* [PROBLEM STATEMENT]:
From the listing below, give again exactly the lines from the line with "Jack & Jones" to the line with "ZESTAW MĘSKI 2i2", ends included, without any pictures.

* [RAW DATA]:
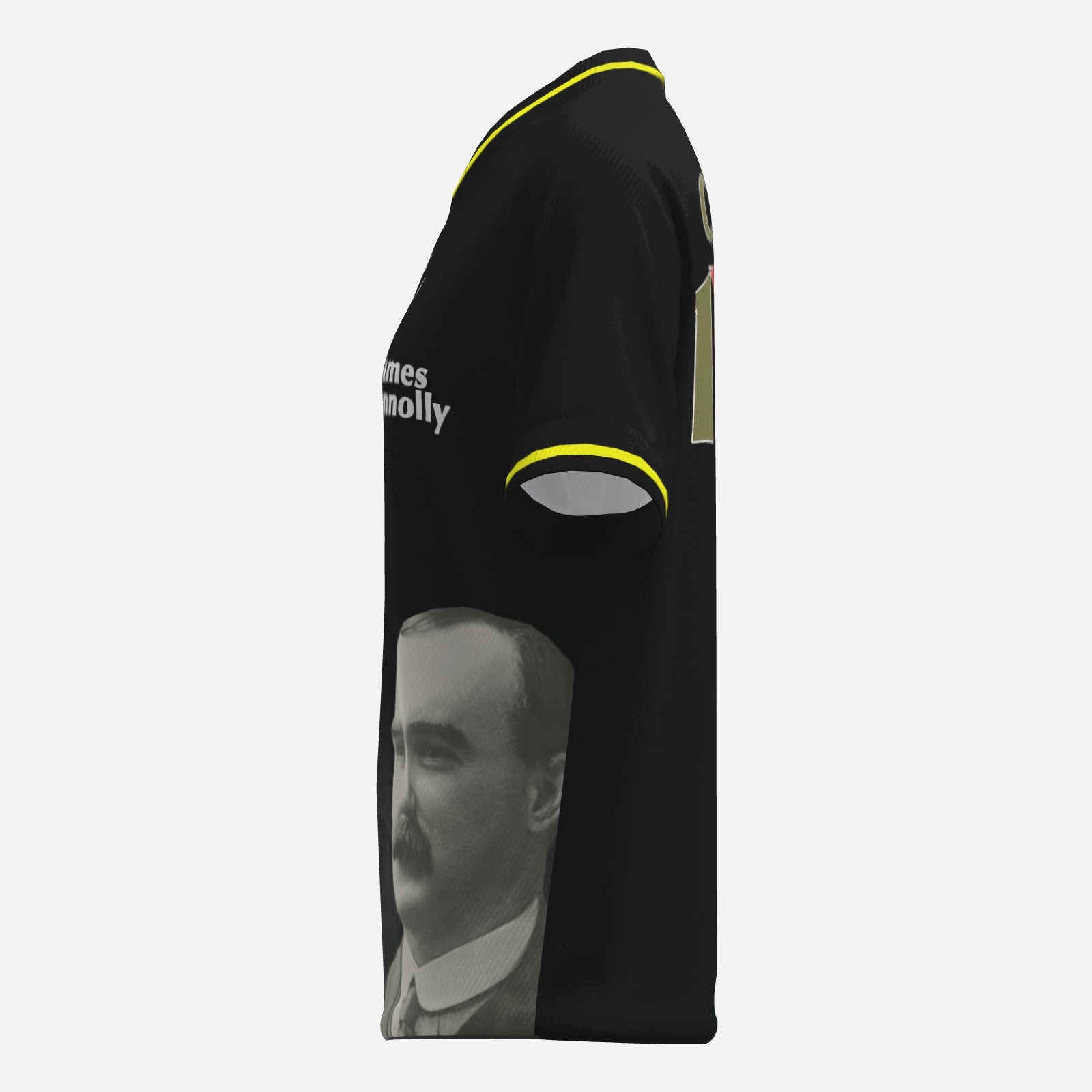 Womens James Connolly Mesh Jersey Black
--
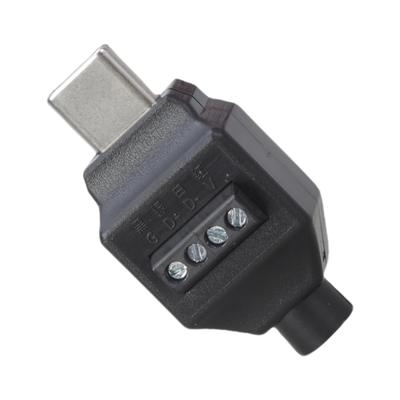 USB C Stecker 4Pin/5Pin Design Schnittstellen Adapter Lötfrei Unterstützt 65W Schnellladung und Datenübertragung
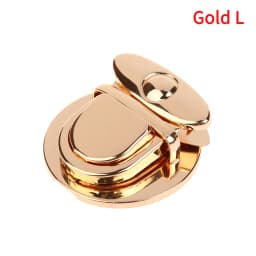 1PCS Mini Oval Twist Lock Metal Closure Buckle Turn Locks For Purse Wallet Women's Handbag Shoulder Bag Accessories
...
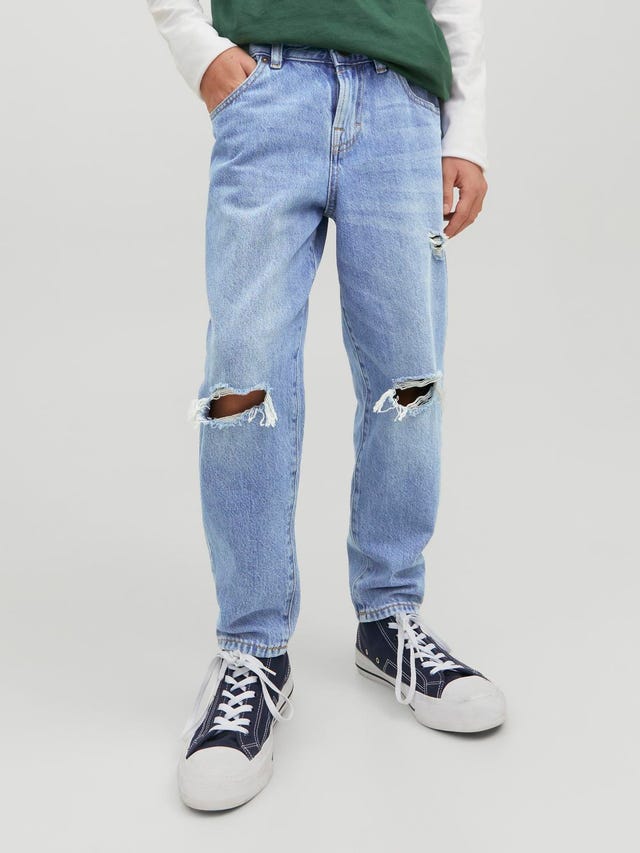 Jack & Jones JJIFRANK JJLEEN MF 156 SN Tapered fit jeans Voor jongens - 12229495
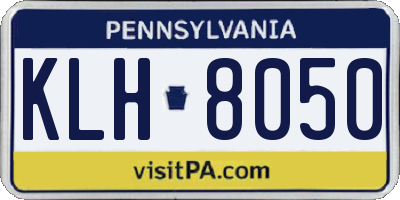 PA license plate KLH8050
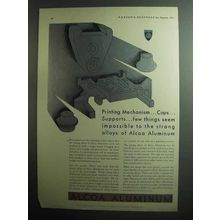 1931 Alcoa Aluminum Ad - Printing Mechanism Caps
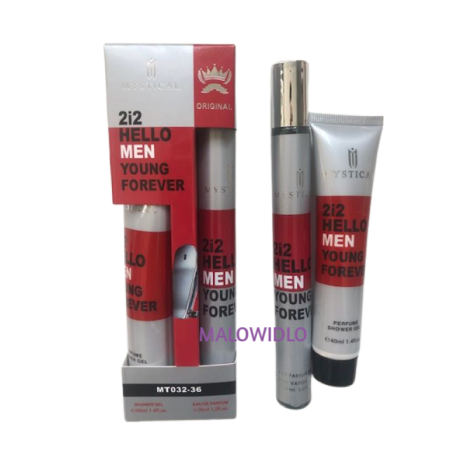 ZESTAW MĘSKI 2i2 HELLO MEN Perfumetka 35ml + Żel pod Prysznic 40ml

* [YOUR SOLUTION]:
 Jack & Jones JJIFRANK JJLEEN MF 156 SN Tapered fit jeans Voor jongens - 12229495
 PA license plate KLH8050
 1931 Alcoa Aluminum Ad - Printing Mechanism Caps
 ZESTAW MĘSKI 2i2 HELLO MEN Perfumetka 35ml + Żel pod Prysznic 40ml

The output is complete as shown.